You’ll see that GitHub has noted your recent changes, and now offers various buttons to allow you to compare them with the original or make a pull request.

  • hit Compare & pull request

This will show you a compare view, from which you can make your pull request.

When preparing for a pull request, GitHub will show you what’s being compared:

evildmp:master ... <your github account>:add-my-name

On the left is the base for the comparison, my fork and branch. On the right is the head, your fork and branch, that you want to compare with it.

A pull request goes from the head to the base - from right to left.

You can change the bases of the comparison if you need to:

  1. hit Edit
  2. select the forks and branches as appropriate

You want your version, the head branch of the head fork - on the right - with some commits containing file changes, to be sent to my base repo - on the left.

  1. hit the Pull Request button
  2. add a comment if you like (e.g. “please add me to the attendees list”)
  3. hit Send pull request

You have now made a pull request to an open-source community project - if it’s your first one, congratulations.

GitHub will notify me (by email and on the site, and will show me the changes you’re proposing to make). It’ll tell me whether they can be merged in automatically, and I can reject, or accept, or defer a decision on, or comment on, your pull request.

GitHub can automatically merge your contribution into my repository if mine hasn’t changed too much since you forked it. If I want to accept it but GitHub can’t do it automatically, I will have to merge the changes manually (we will cover this later).

Once they’re merged, your contributions will become a part of And this is the basic lifecycle of a contribution using git: fork > edit > commit > pull request > merge.

Incorporate upstream changes into your master

In the meantime, other people may have made their own forks, edits, commits, and pull requests, and I may have merged those too - other people’s names may now be in the list of attendees. Your own version of afraid-to-commit, downstream from mine, doesn’t yet know about those.

Since your work is based on mine, you can think of my repository as being upstream of yours. You need to merge any upstream changes into your version, and you can do this with a pull request on GitHub too.

This time though you will need to switch the bases of the comparison around, because the changes will be coming from my version to yours.

  1. hit Pull Request once more

  2. hit Edit, to switch the bases

  3. change the head repo on the right to my version, evildmp/afraid-to-commit, branch master

  4. change the base repo to yours, and the base branch to master, so the comparison bar looks like:

    <your github account>:master ... evildmp:master
  5. hit Click to create a pull request for this comparison

  6. add a Title (e.g. “merging upstream master on Github) and hit Send pull request

You’re sending a pull request to yourself, based on updates in my repository. And in fact if you check in your Pull Requests on GitHub, you’ll see one there waiting for you, and you too can review, accept, reject or comment on it.

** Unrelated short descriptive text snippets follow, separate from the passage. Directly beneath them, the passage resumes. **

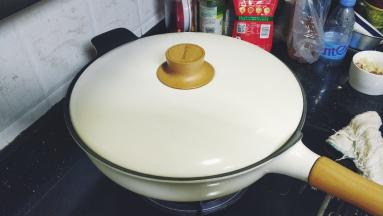 盖上盖子焖2分钟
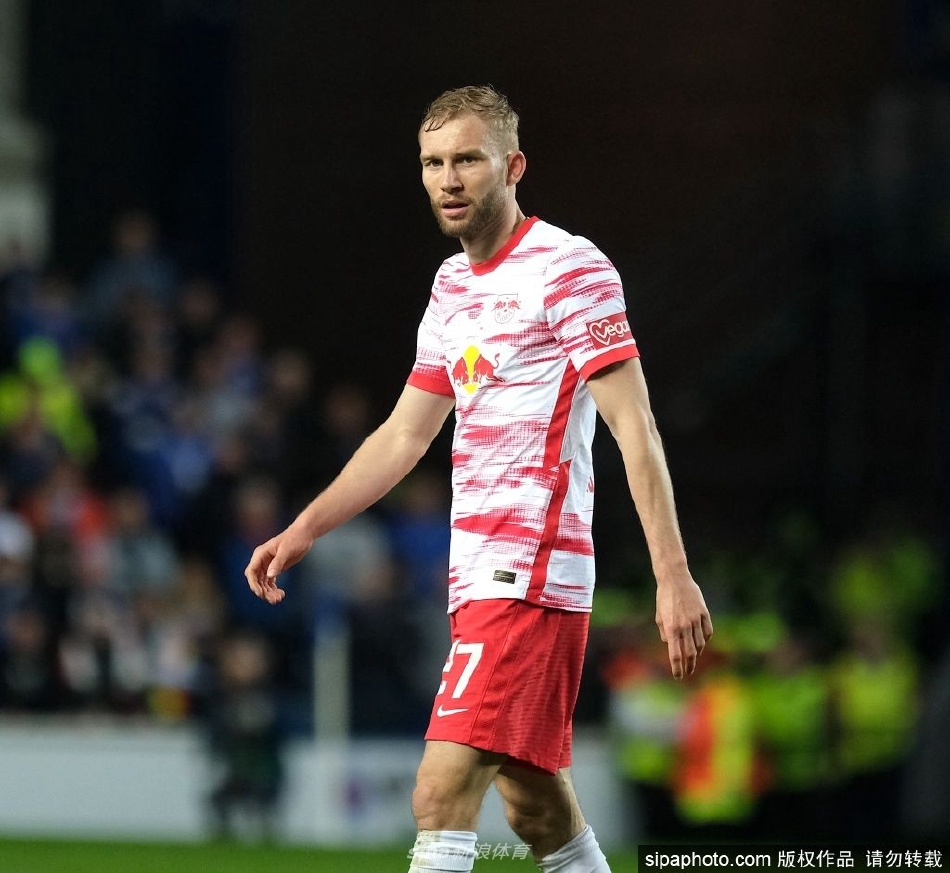 莱默尔与队友及医疗团队合影，展现俱乐部上下团结一心的支持氛围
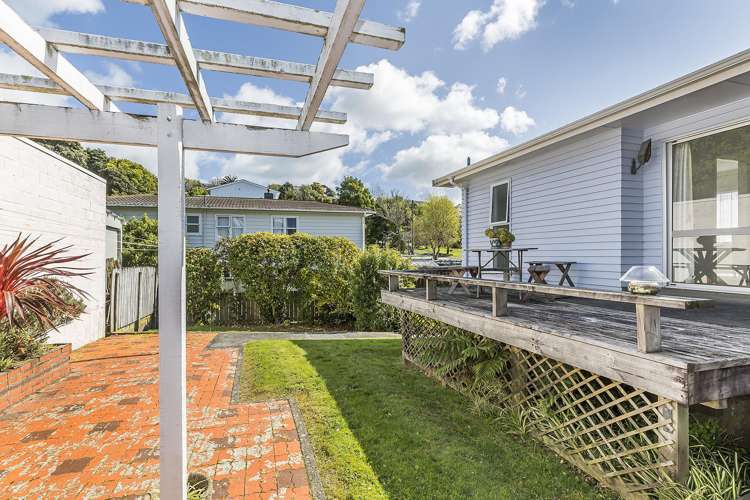 4 Pembroke Street Tawa_24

If you decide to Merge it, your fork will now contain any changes that other people sent to me and that I merged.

The story of your work is this: you forked away from my codebase, and then created a new branch in your fork.

Then you committed changes to your branch, and sent them upstream back to me (with a pull request).

I merged your changes, and perhaps those from other people, into my codebase, and you pulled all my recent changes back into your master branch (again with a pull request).

So now, your master and mine are once more in step.